*EXERCISE INSTRUCTIONS*
Each line of the data should be transcribed exactly as given.

[AVAILABLE DATA — start]

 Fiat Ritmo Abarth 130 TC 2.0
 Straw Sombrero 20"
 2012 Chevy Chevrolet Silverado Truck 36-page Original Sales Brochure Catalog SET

[AVAILABLE DATA — finish]

*ANSWER FOR THE TASK*
 Fiat Ritmo Abarth 130 TC 2.0
 Straw Sombrero 20"
 2012 Chevy Chevrolet Silverado Truck 36-page Original Sales Brochure Catalog SET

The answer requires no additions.